RECORDS FOR THIS TASK -

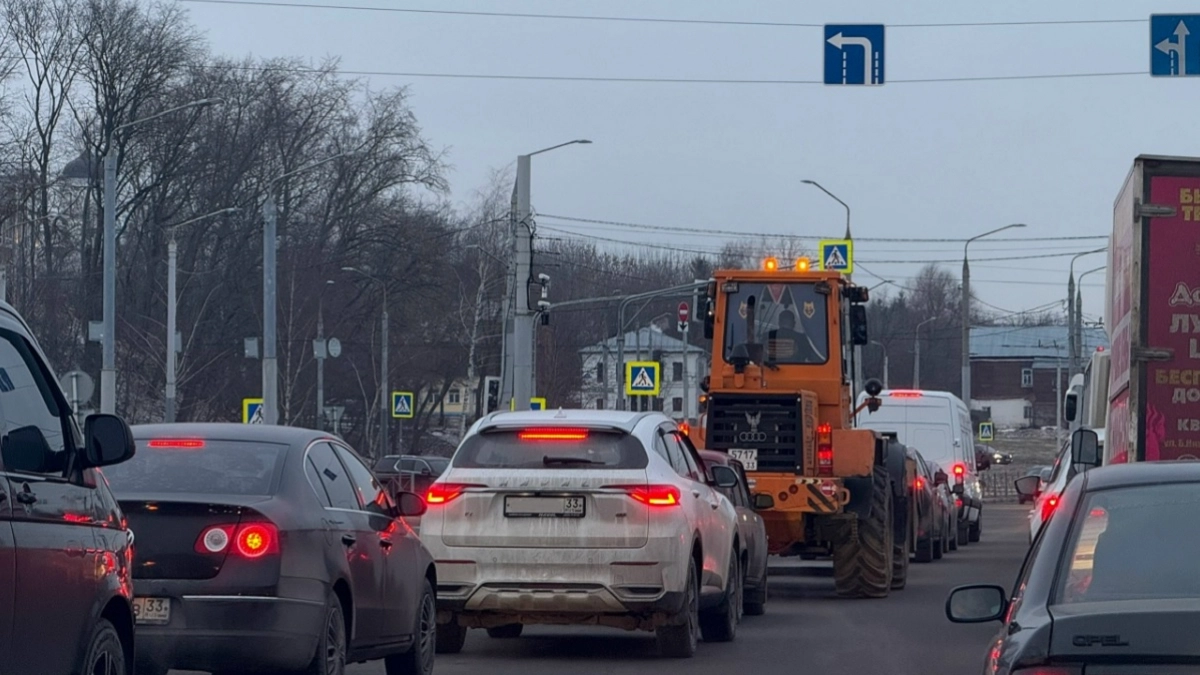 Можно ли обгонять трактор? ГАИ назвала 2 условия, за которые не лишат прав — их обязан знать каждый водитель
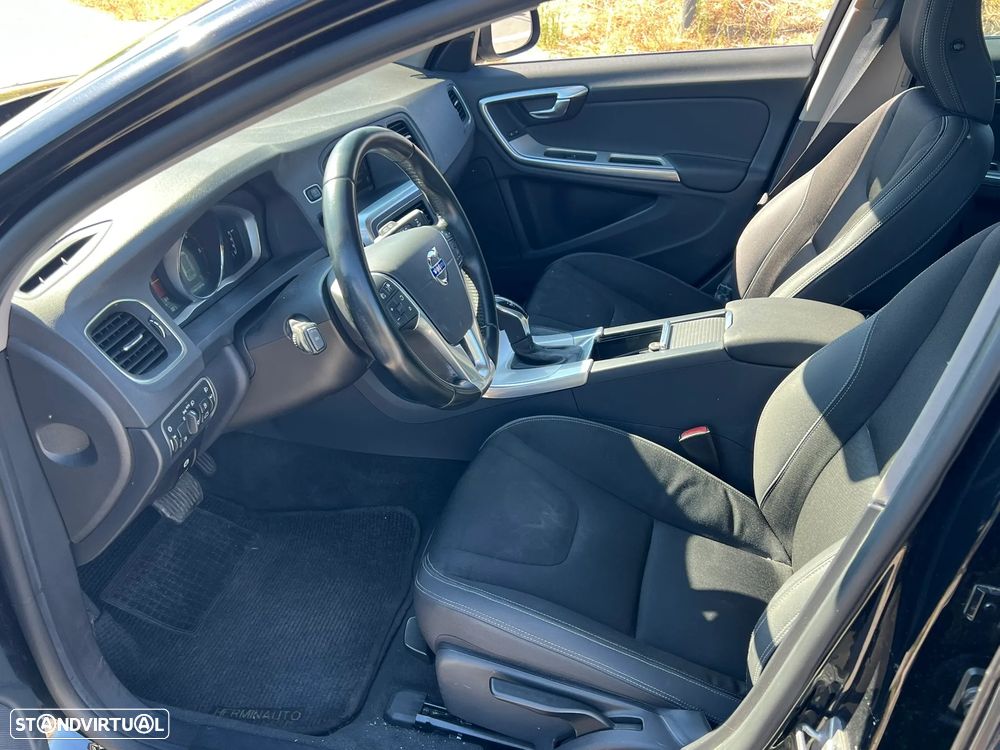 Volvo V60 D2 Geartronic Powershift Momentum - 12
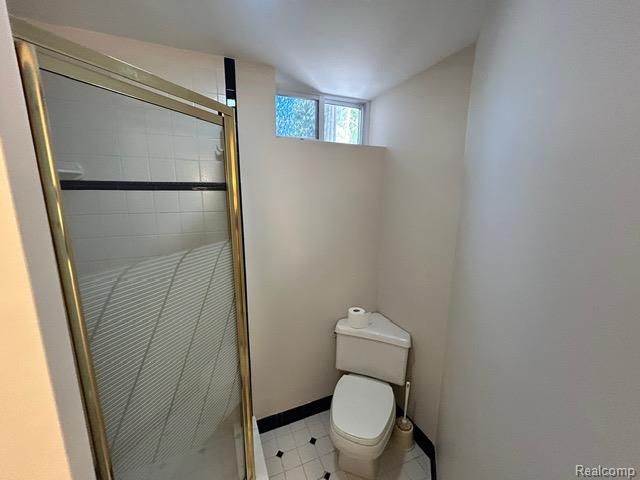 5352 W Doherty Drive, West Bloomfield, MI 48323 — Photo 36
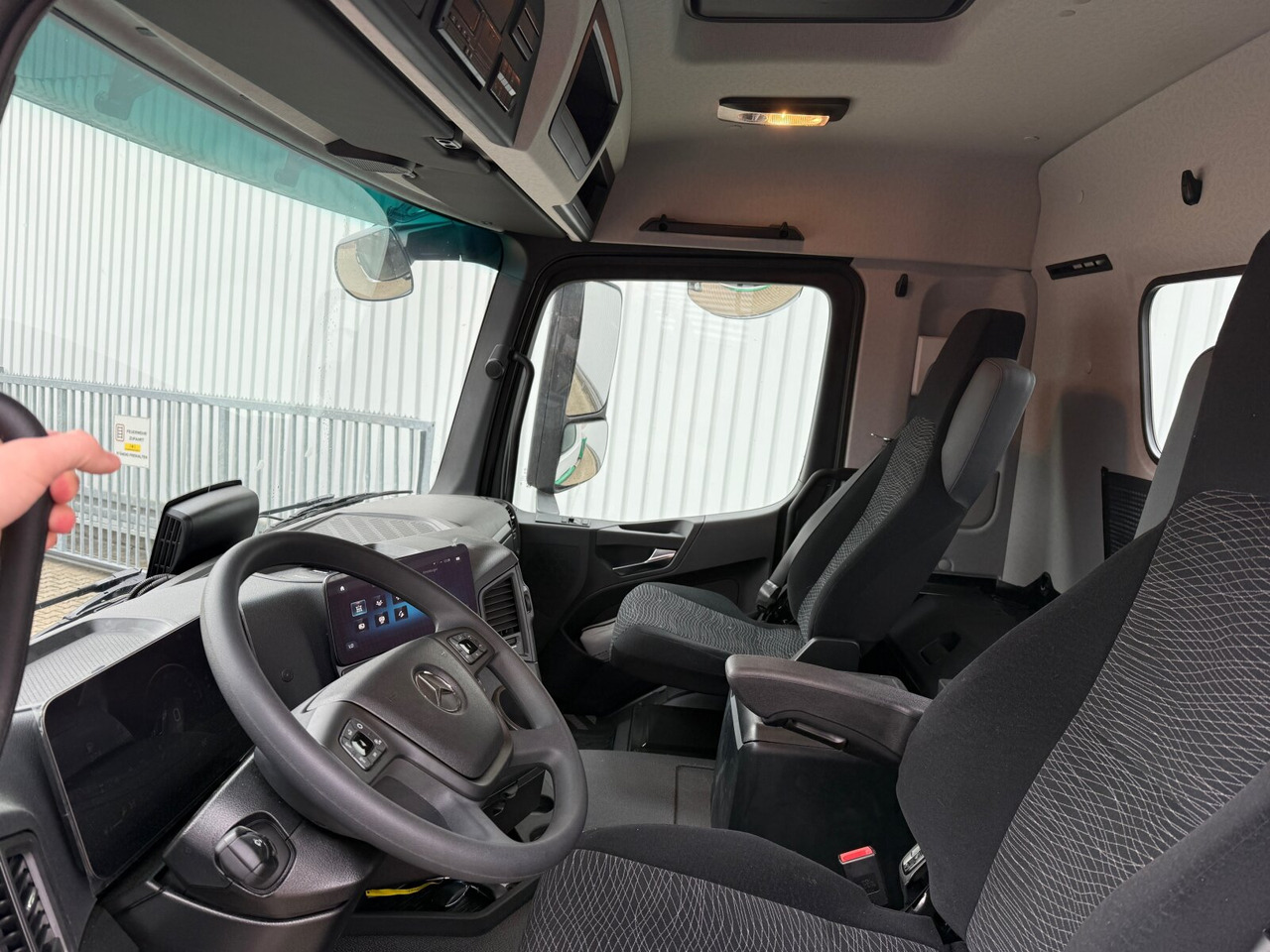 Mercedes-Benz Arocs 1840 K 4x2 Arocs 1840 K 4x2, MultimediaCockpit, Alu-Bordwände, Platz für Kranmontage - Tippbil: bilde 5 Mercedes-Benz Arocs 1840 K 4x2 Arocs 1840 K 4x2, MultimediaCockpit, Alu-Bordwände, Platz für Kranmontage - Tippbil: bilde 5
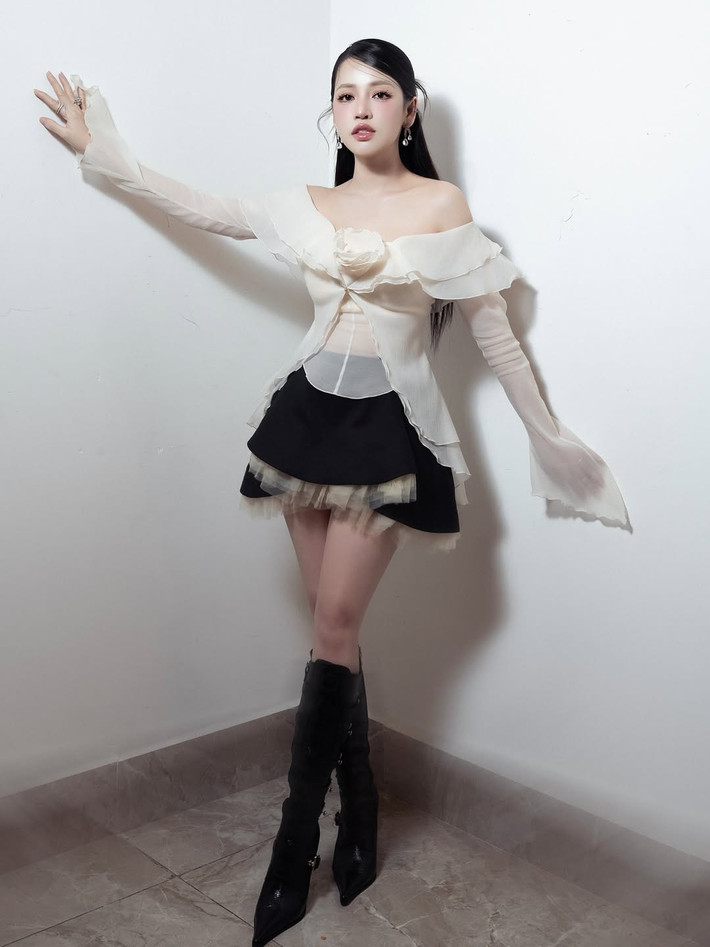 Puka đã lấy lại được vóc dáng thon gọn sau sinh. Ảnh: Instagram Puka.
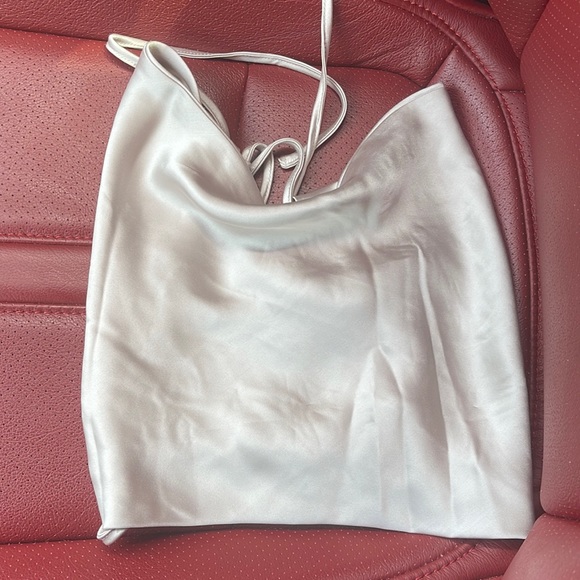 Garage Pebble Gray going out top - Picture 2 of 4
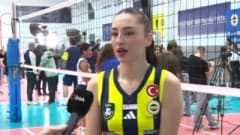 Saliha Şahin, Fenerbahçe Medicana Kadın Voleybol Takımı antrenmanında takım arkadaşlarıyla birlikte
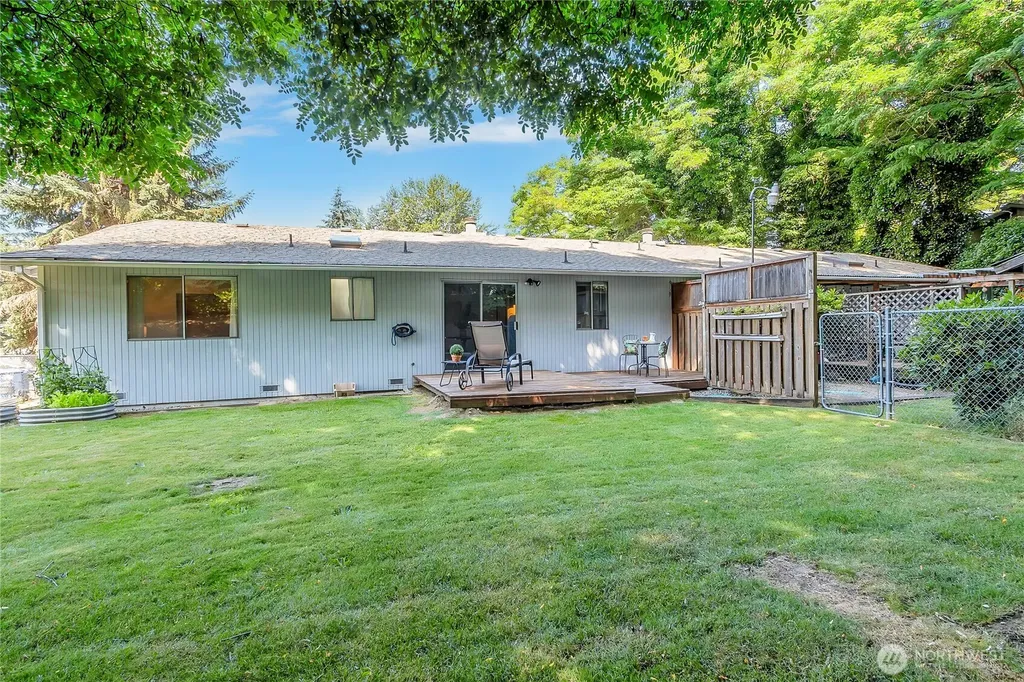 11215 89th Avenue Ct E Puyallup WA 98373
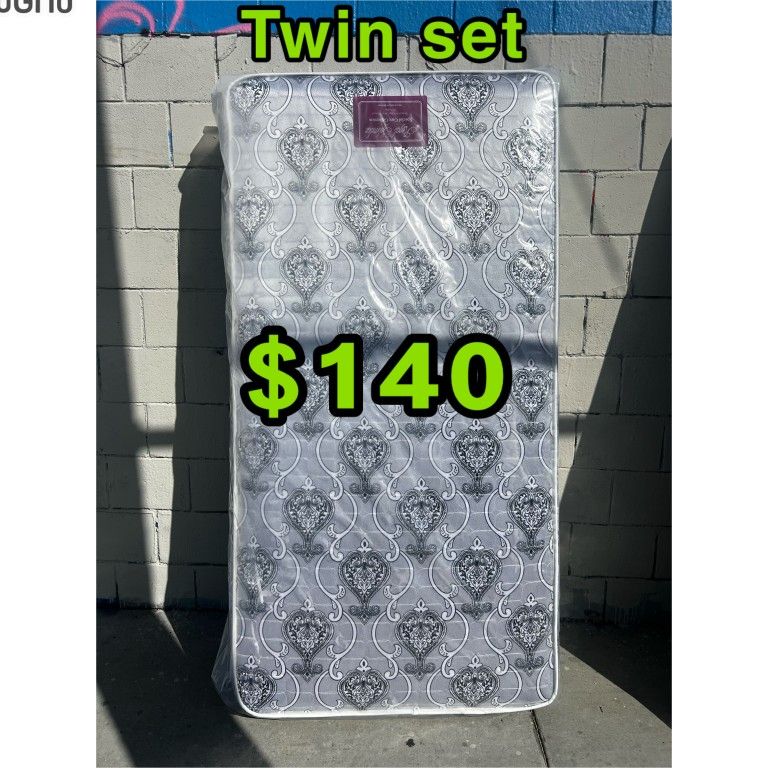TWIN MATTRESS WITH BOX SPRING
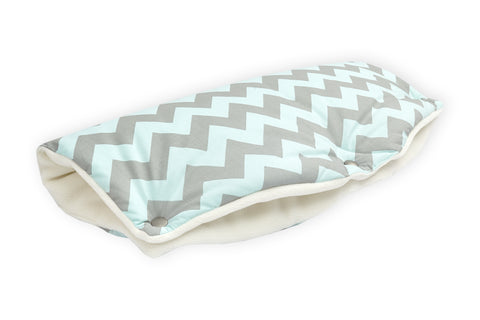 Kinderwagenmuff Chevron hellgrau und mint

PROBLEM TO WORK ON -
Please write out the lines above exactly, from the one that contains "5352 W Doherty" through the final line, and include none of the pictures.

ANSWER SECTION -
 5352 W Doherty Drive, West Bloomfield, MI 48323 — Photo 36
 Mercedes-Benz Arocs 1840 K 4x2 Arocs 1840 K 4x2, MultimediaCockpit, Alu-Bordwände, Platz für Kranmontage - Tippbil: bilde 5 Mercedes-Benz Arocs 1840 K 4x2 Arocs 1840 K 4x2, MultimediaCockpit, Alu-Bordwände, Platz für Kranmontage - Tippbil: bilde 5
 Puka đã lấy lại được vóc dáng thon gọn sau sinh. Ảnh: Instagram Puka.
 Garage Pebble Gray going out top - Picture 2 of 4
 Saliha Şahin, Fenerbahçe Medicana Kadın Voleybol Takımı antrenmanında takım arkadaşlarıyla birlikte
 11215 89th Avenue Ct E Puyallup WA 98373
TWIN MATTRESS WITH BOX SPRING
 Kinderwagenmuff Chevron hellgrau und mint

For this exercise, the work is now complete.